Impact on Medicare Part B Payments
- MSSP participation is separate from MIPS, but it fulfills QPP requirements by placing providers under the APM track.
- Clinicians in MSSP ACOs may be eligible for MIPS APM scoring or, if the ACO qualifies as an Advanced APM, for a 5% Medicare incentive payment and MIPS exemption.
Why MSSP Matters in Billing and Reimbursement
- MSSP ties provider reimbursement directly to value-based care principles:
- Higher quality + lower costs = financial rewards
- Poor performance = potential repayment
This makes MSSP one of CMS’s most influential tools for reshaping Medicare reimbursement and driving the shift away from fee-for-service.
Frequently Asked Questions about MSSP
1. What is the Medicare Shared Savings Program (MSSP)?

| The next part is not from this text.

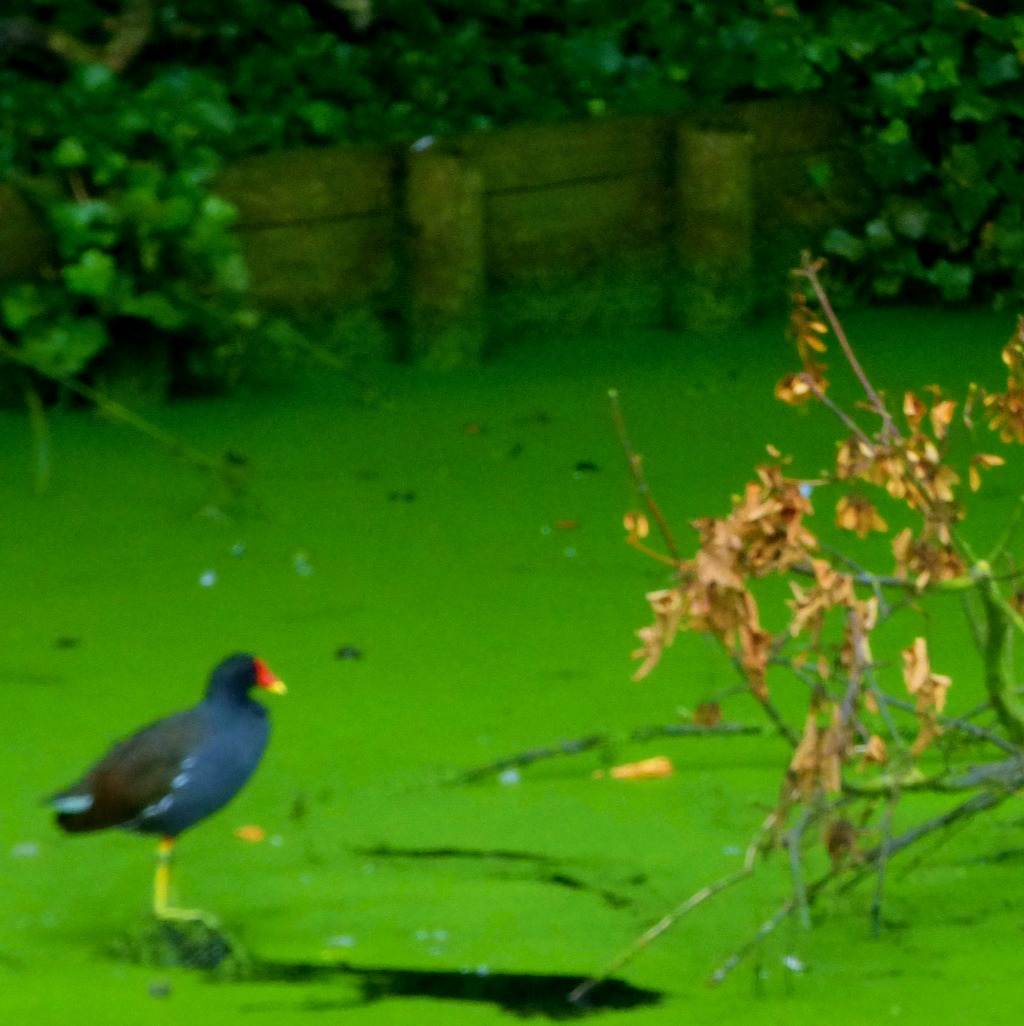 Moorhen and algae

MSSP is a value-based care program from CMS that allows groups of providers, called Accountable Care Organizations (ACOs), to share in savings when they deliver high-quality, cost-efficient care for Medicare patients.
2. How does MSSP work?
ACOs in MSSP are assigned a group of Medicare beneficiaries. They work to coordinate care, improve outcomes, and reduce unnecessary spending. At the end of each performance year, CMS compares their results against cost and quality benchmarks. Based on performance, ACOs may earn shared savings or, in higher-risk tracks, repay CMS for shared losses.
3. What are MSSP tracks?
MSSP offers two main participation tracks:
- Basic Track: Starts with one-sided risk (shared savings only) and gradually moves toward two-sided risk (shared savings and losses) over five years.
- Enhanced Track: Offers higher risk and higher potential rewards, modeled after the Next Generation ACO program.
4. How do ACOs earn savings under MSSP?
To qualify for shared savings, an ACO must:
- Spend less than its benchmark for the year, and
- Meet required quality performance standards across domains such as patient experience, care coordination, preventive health, and chronic disease management.
5. What’s the difference between MSSP and Next Generation ACOs?
The Next Generation ACO model was a CMS demonstration project that tested higher-risk, higher-reward payment structures. Many of its features were incorporated into MSSP’s Enhanced Track when Next Gen ACOs were phased out. Today, MSSP remains the primary permanent ACO program under Medicare.
6. Who can participate in MSSP?
Eligible participants include groups of doctors, hospitals, and other healthcare providers that form an ACO. The ACO must meet CMS requirements for governance, legal structure, and the ability to manage assigned Medicare beneficiaries.